Joy to me! Come hither! Give me thy hand—ha! let be! aha!—Disgust, disgust, disgust——alas to me!
Hardly, however, had Zarathustra spoken these words, when he fell down as one dead, and remained long as one dead. When however he again came to himself, then was he pale and trembling, and remained lying; and for long he would neither eat nor drink. This condition continued for seven days; his animals, however, did not leave him day nor night, except that the eagle flew forth to fetch food. And what it fetched and foraged, it laid on Zarathustra's couch: so that Zarathustra at last lay among yellow and red berries, grapes, rosy apples, sweet-smelling herbage, and pine-cones. At his feet, however, two lambs were stretched, which the eagle had with difficulty carried off from their shepherds.
At last, after seven days, Zarathustra raised himself upon his couch, took a rosy apple in his hand, smelt it and found its smell pleasant. Then did his animals think the time had come to speak unto him.
"O Zarathustra," said they, "now hast thou lain thus for seven days with heavy eyes: wilt thou not set thyself again upon thy feet?
Step out of thy cave: the world waiteth for thee as a garden. The wind playeth with heavy fragrance which seeketh for thee; and all brooks would like to run after thee.
All things long for thee, since thou hast remained alone for seven days—step forth out of thy cave! All things want to be thy physicians!
Did perhaps a new knowledge come to thee, a bitter, grievous knowledge? Like leavened dough layest thou, thy soul arose and swelled beyond all its bounds."—
O mine animals, answered Zarathustra, talk on thus and let me listen! It refresheth me so to hear your talk: where there is talk, there is the world as a garden unto me.

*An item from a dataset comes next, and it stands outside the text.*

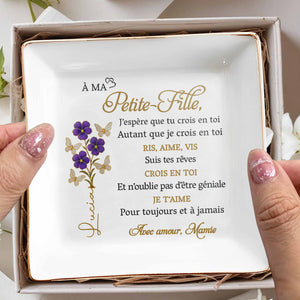 Believe In Yourself As I Believe In You With Flowers - Personalized Custom Jewelry Dish, Square Ceramic Dish - GDT348_SCRD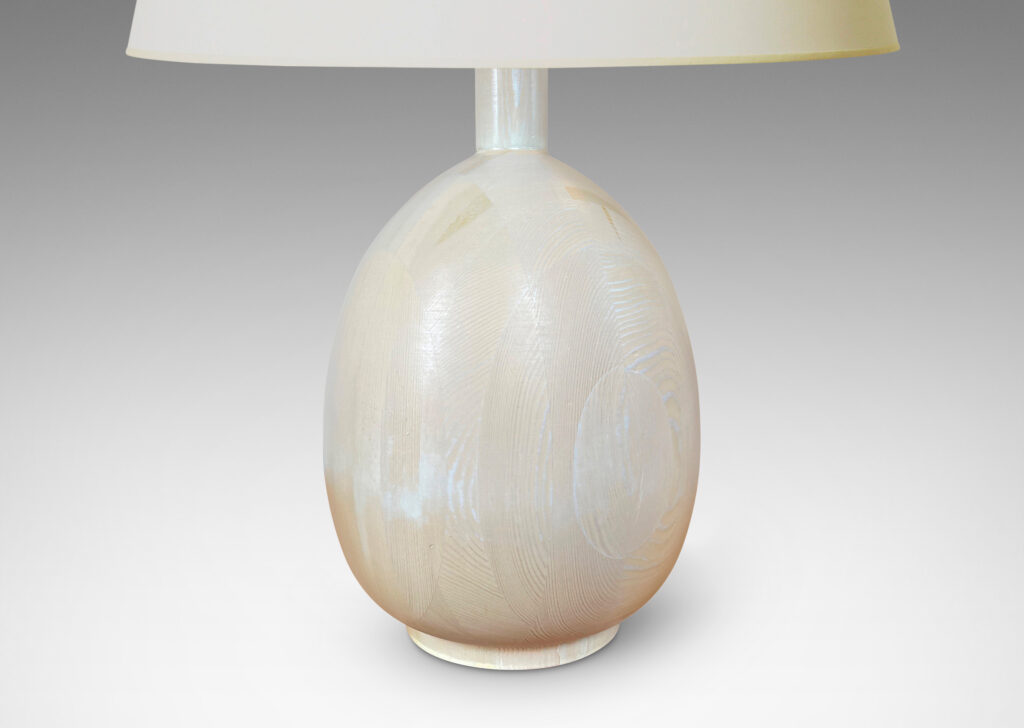 Gallery BAC ovoid form in whitewashed solid pine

How charming it is that there are words and tones; are not words and tones rainbows and seeming bridges 'twixt the eternally separated?
To each soul belongeth another world; to each soul is every other soul a back-world.
Among the most alike doth semblance deceive most delightfully: for the smallest gap is most difficult to bridge over.
For me—how could there be an outside-of-me? There is no outside! But this we forget on hearing tones; how delightful it is that we forget!
Have not names and tones been given unto things that man may refresh himself with them? It is a beautiful folly, speaking; therewith danceth man over everything.
How lovely is all speech and all falsehoods of tones! With tones danceth our love on variegated rainbows.—
"O Zarathustra," said then his animals, "to those who think like us, things all dance themselves: they come and hold out the hand and laugh and flee—and return.
Everything goeth, everything returneth; eternally rolleth the wheel of existence. Everything dieth, everything blossometh forth again; eternally runneth on the year of existence.
Everything breaketh, everything is integrated anew; eternally buildeth itself the same house of existence. All things separate, all things again greet one another; eternally true to itself remaineth the ring of existence.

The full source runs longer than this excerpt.